Friday, February 9

jq: serialize for wordpress

This kind of just rolls off the tongue, right?

def towp: 
  if "null"==type then "N;"
  elif "boolean"==type then if . then "b:1;" else "b:0;" end
  elif "number"==type then if .==(.|floor) and .<9e15 then "i:"+(.|tostring)+";" else "d:"+(.|tostring)+";" end
  elif "string"==type then "s:"+(.|length|tostring)+":\""+.+"\";"
  else "a:"+(.|length|tostring)+":{"+(.|[to_entries|map(to_entries)[]|map(.value|towp)|add]|add)+"}"

For some reason, even though wordpress uses php, its serialized objects use a slightly different format from what's documented at -- see for a decent description and for a more official description.

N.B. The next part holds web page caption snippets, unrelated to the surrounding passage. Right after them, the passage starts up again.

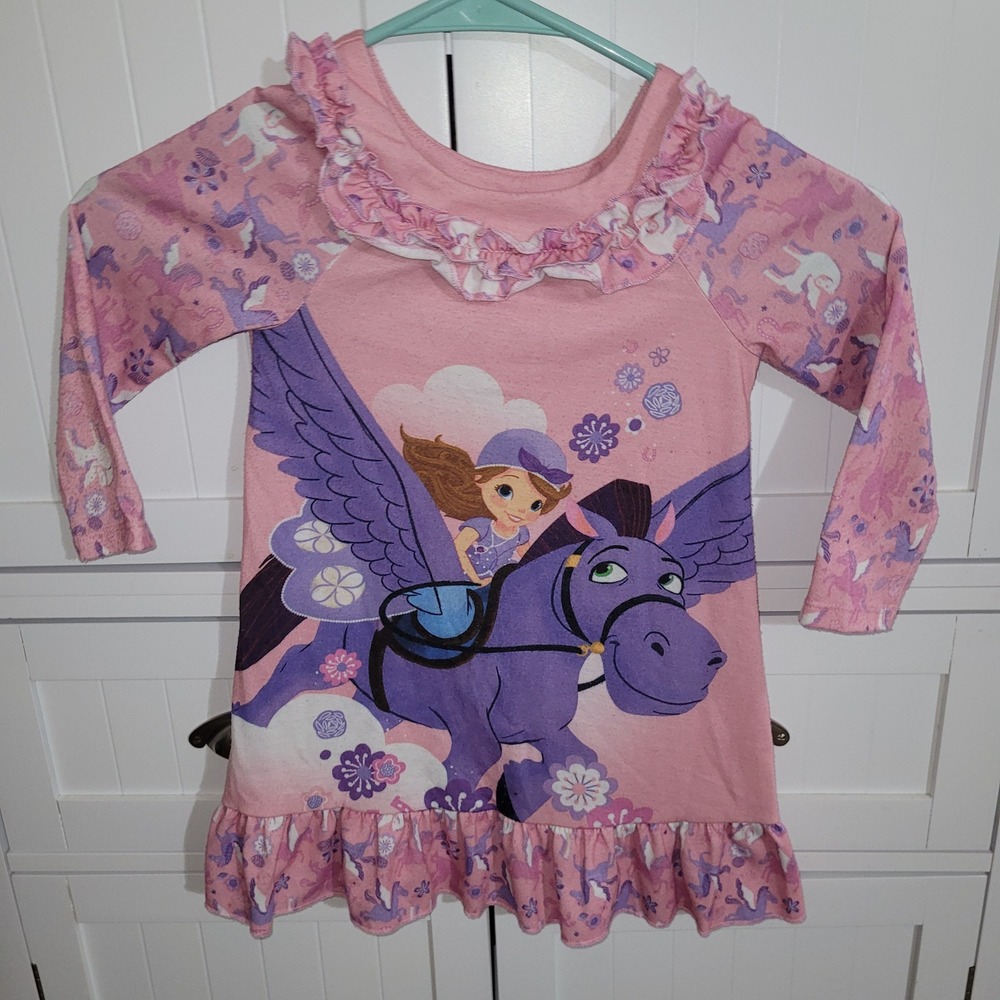 Disney Princess Sofia‎ the First Pink Unicorn Pegasus Sleep Nightgown Size 2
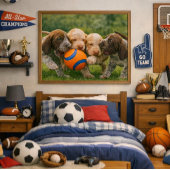 遊び心のある子犬の綱引き ポスター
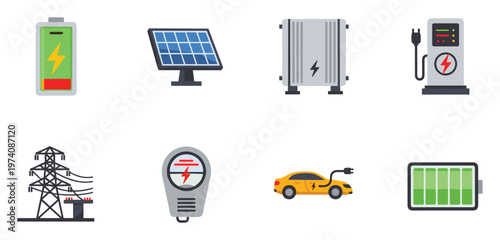 Electric energy power supply icons featuring battery, solar panel, charging station, and electric car for green technology and renewable solutions presentations.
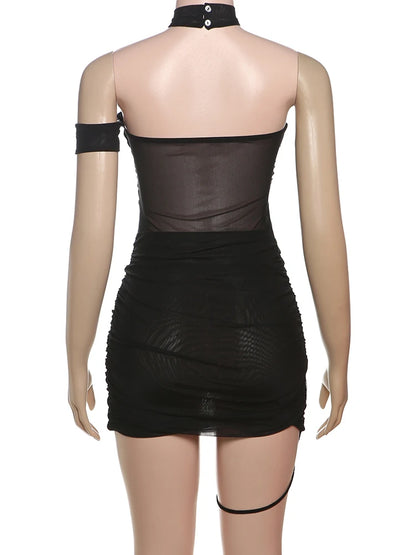 Weird Puss See Through Sexy Dress Women Y2K Cross Bandage Backless Halter Sleeveless Summer Trend Midnight Clubwear Mini Bodycon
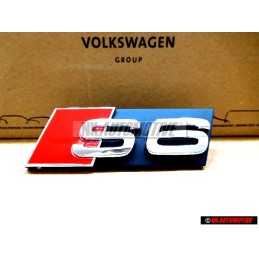 Original Audi S6 Front Grill Badge Emblem Black Chrome Red - 4F0853736F 2ZZ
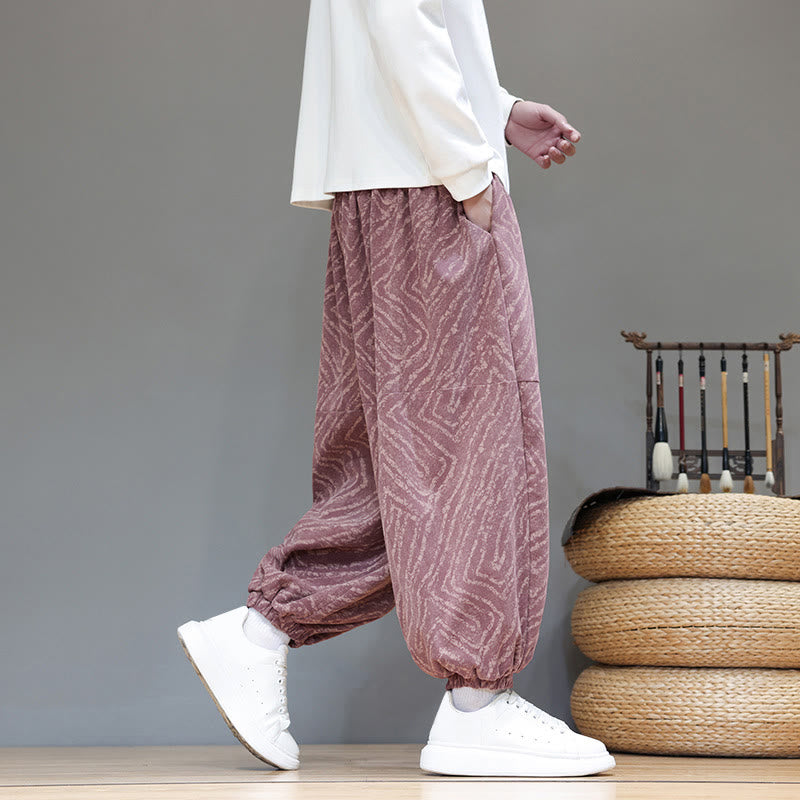 Cotton Linen Blend Ankle-Length Harem Trousers for Mindful Daily Movement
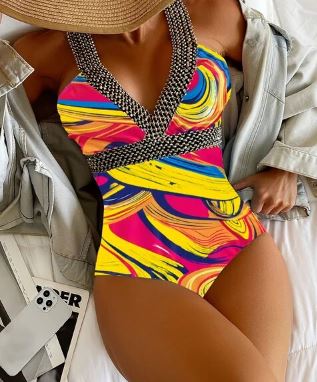 Vrouwelijk Badpak met BandjesSexy Print Zwempak
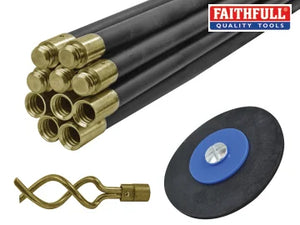 Universal Drain Clean Set (10 x Rods Plunger & Worm)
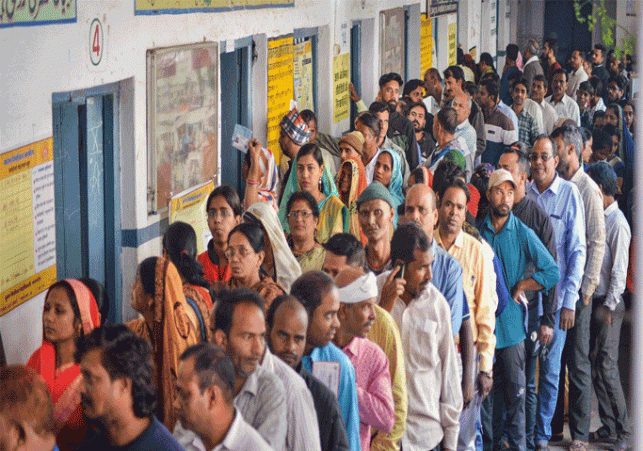 Long queues in colonies and villages, voting remained slow in the city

Note, in particular, that in this wordpress format, strings get enclosing quotes but the reported length does not include those quotes. I do not yet know what this looks like for quotes and backslashes within a string - there are at least four possibilities (two hideously broken) for how that might be handled.

One issue, I imagine, is that when you delete an element from a php array, indices do not change for items after that point. The php serialize format does not preserve indices, but the wordpress serialize format does.

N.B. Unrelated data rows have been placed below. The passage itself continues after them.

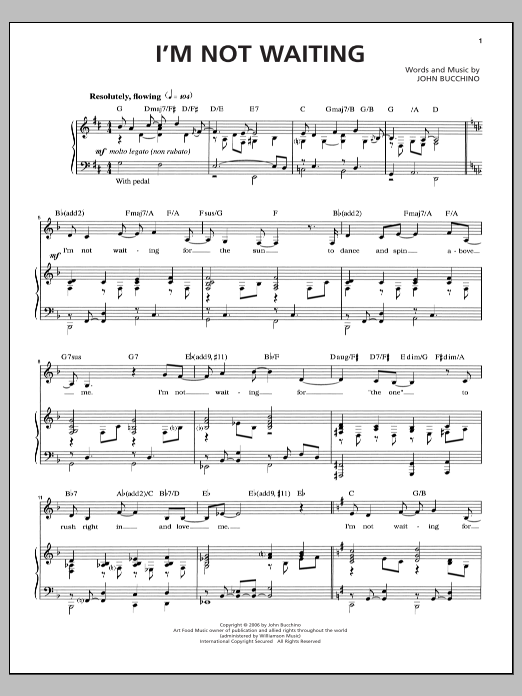 John Bucchino I'm Not Waiting Sheet Music Notes & Chords for Piano & Vocal - Download or Print PDF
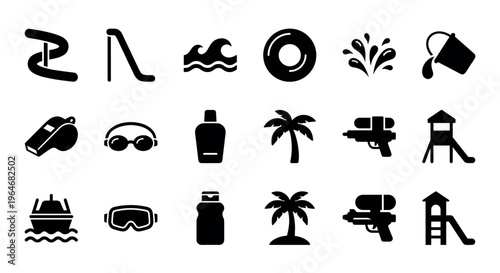 Collection of water park and summer vacation activity icons including slides, waves, goggles, and palm trees.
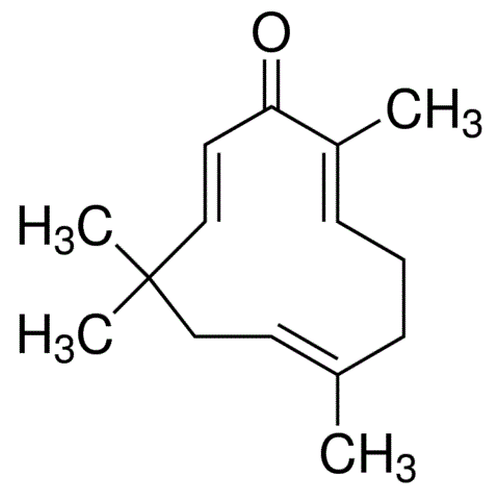 Chemical structure of Zerumbone (SIH-265), a Enhances apoptotic effect of TRAIL. CAS #: 471-05-6. Molecular Formula: C15H22O. Molecular Weight: 218.3 g/mol.
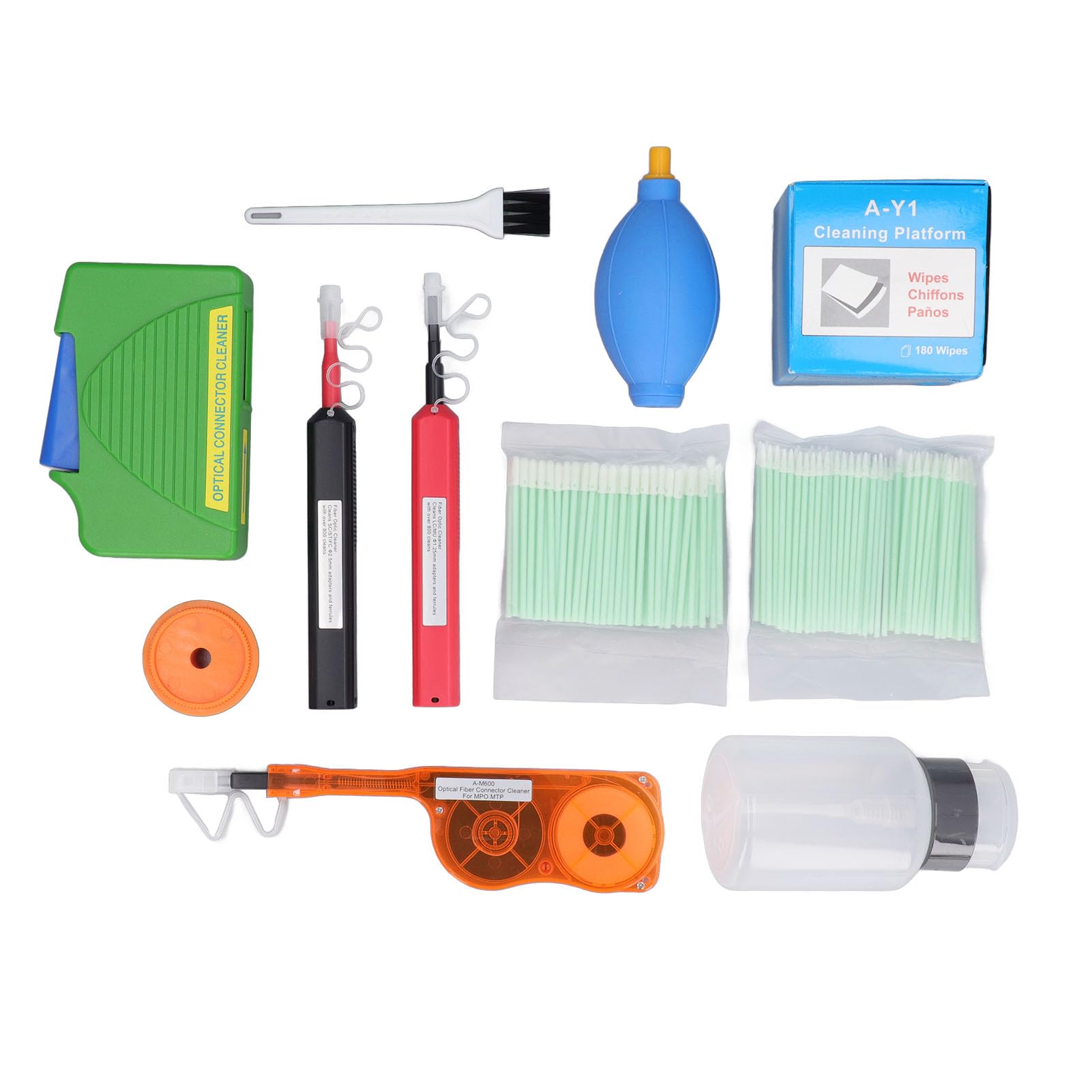 Kit de Nettoyage de Fibre Optique, Matériau ABS, Plus de 550 Temps de Nettoyage pour Connecteurs SC FC ST LC MU, Parfait pour les Techniciens de Réseau et la Maintenance de Fibre Optique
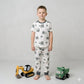 Mini Excavator Boy Pajama Set-White
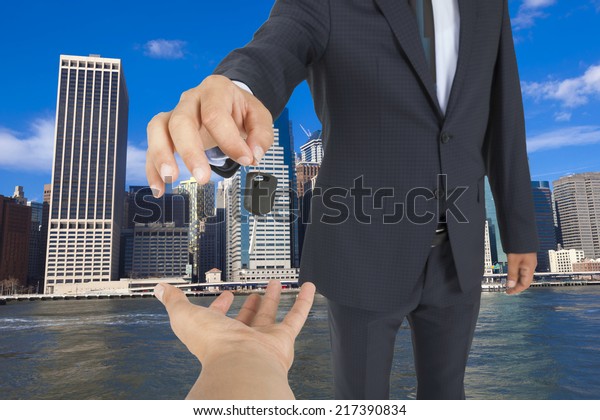 Car Key with business\
building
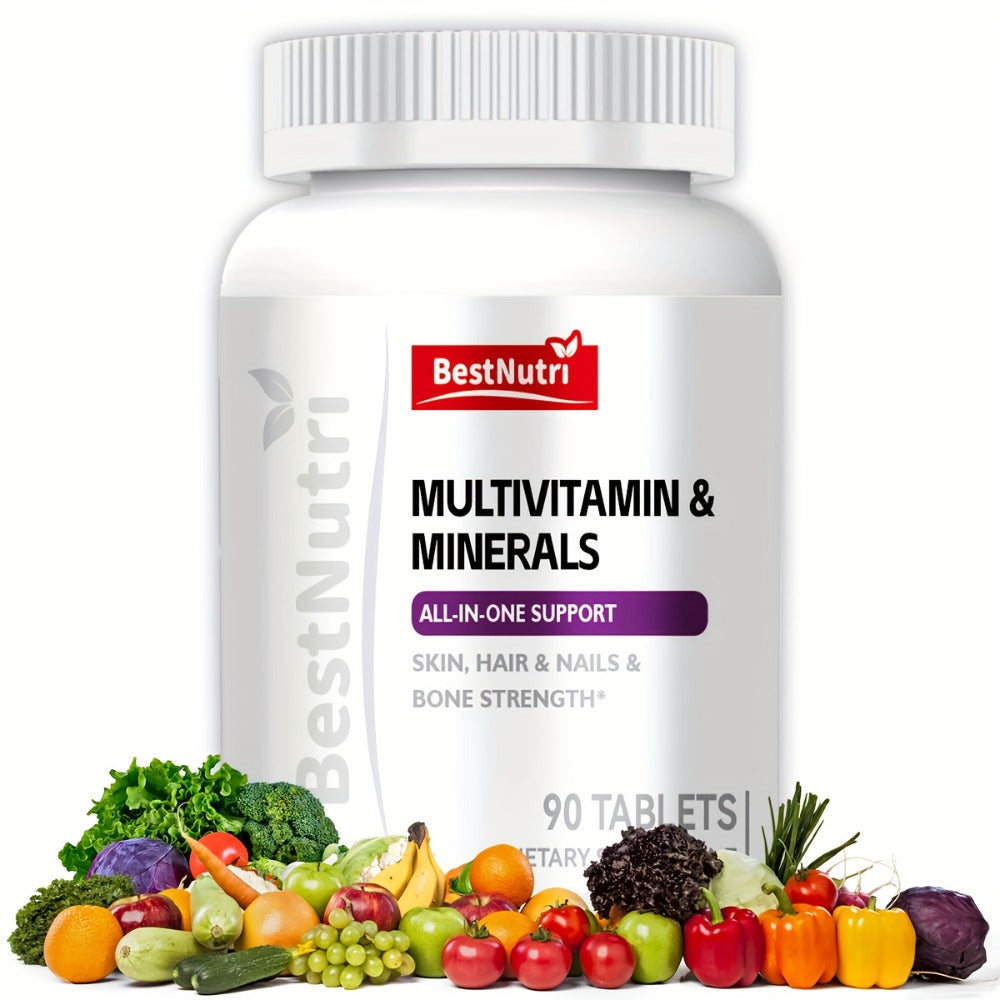 Bestnutri MULTIVITAIMIN & MINERALS ALL-IN-ONE SUPPORT Skin, Hair & Nails &Bone Strength Manufactured in A Factory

Anyways... it's a defining characteristic of software that "what works" generally takes precedence over "what's formally correct" (at least, if you want it to work).

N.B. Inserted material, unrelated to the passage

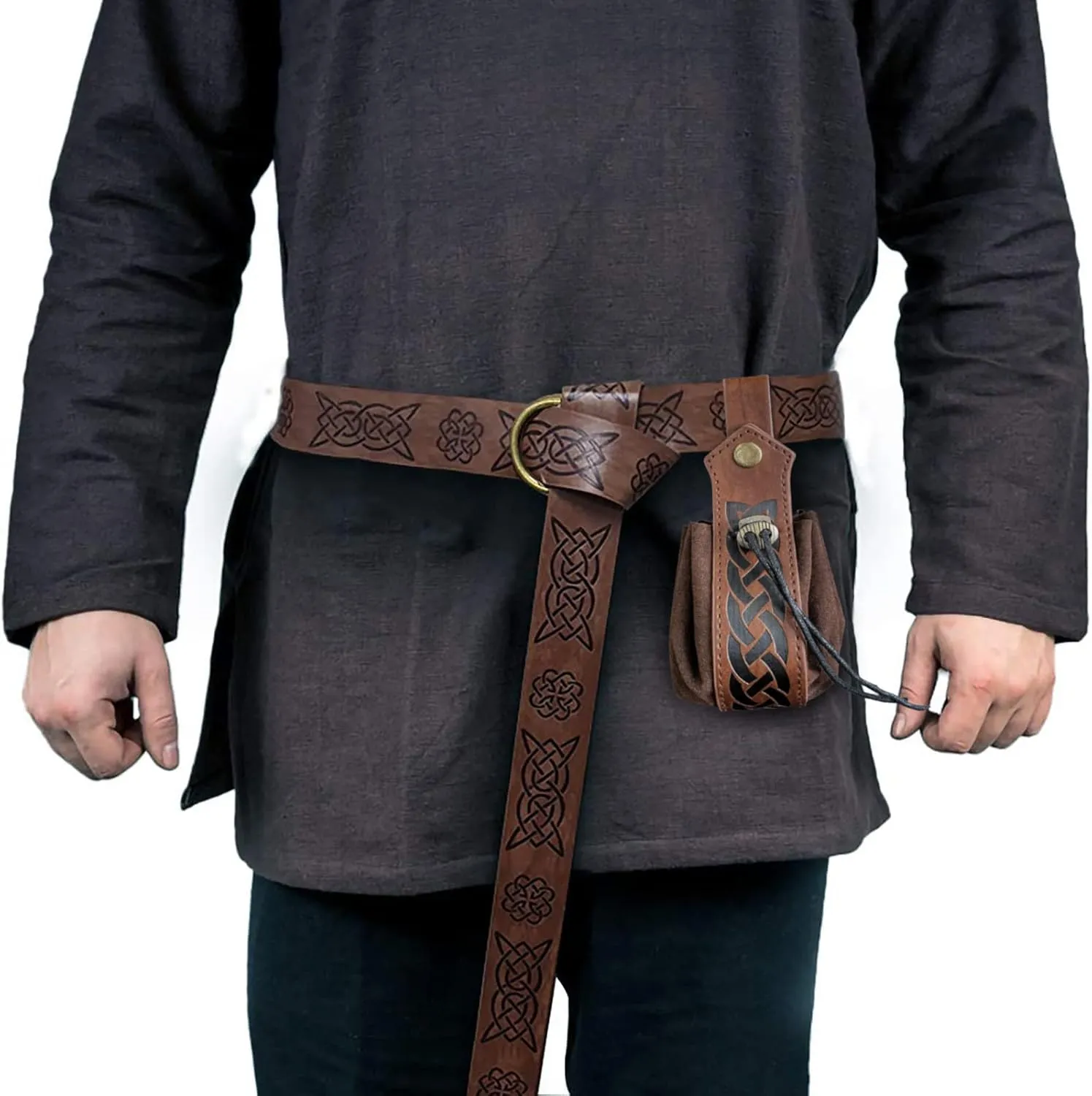 3 Pcs Halloween Renaissance Belt Pouch Coin Purse Phone Holder Skirt Hikes Medieval Viking Pirate Leather Belt Costume Sets (01-Brown)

Thus, although I keep harping on the distinction between "boolean" as used in software and its history:
... I still have to use the word "boolean" in my code (and in my web searches when I want to be reminded of related syntactic issues or whatever else -- on the plus side, long words that are relatively meaningless do have some advantages when searching, as long as you know you need to search for tham).

But I guess that's related to one of the nice things about standards... there's so many to choose from.

And I guess that's also related to how you don't really want to use this on stuff that's already a string (unless sometimes it has to be something else, and you want to preserve that...).

And, also, related to how blogger's layout is so ornate that it pretty much has to be fixed width (which means it will be wrong for some desktops (they pretty much have to disable the theme support for phones - it's really that insane). [There is an option to revert the blog to "classic themes", but the preview on that is not really a preview at all, and I need to be doing other things now...]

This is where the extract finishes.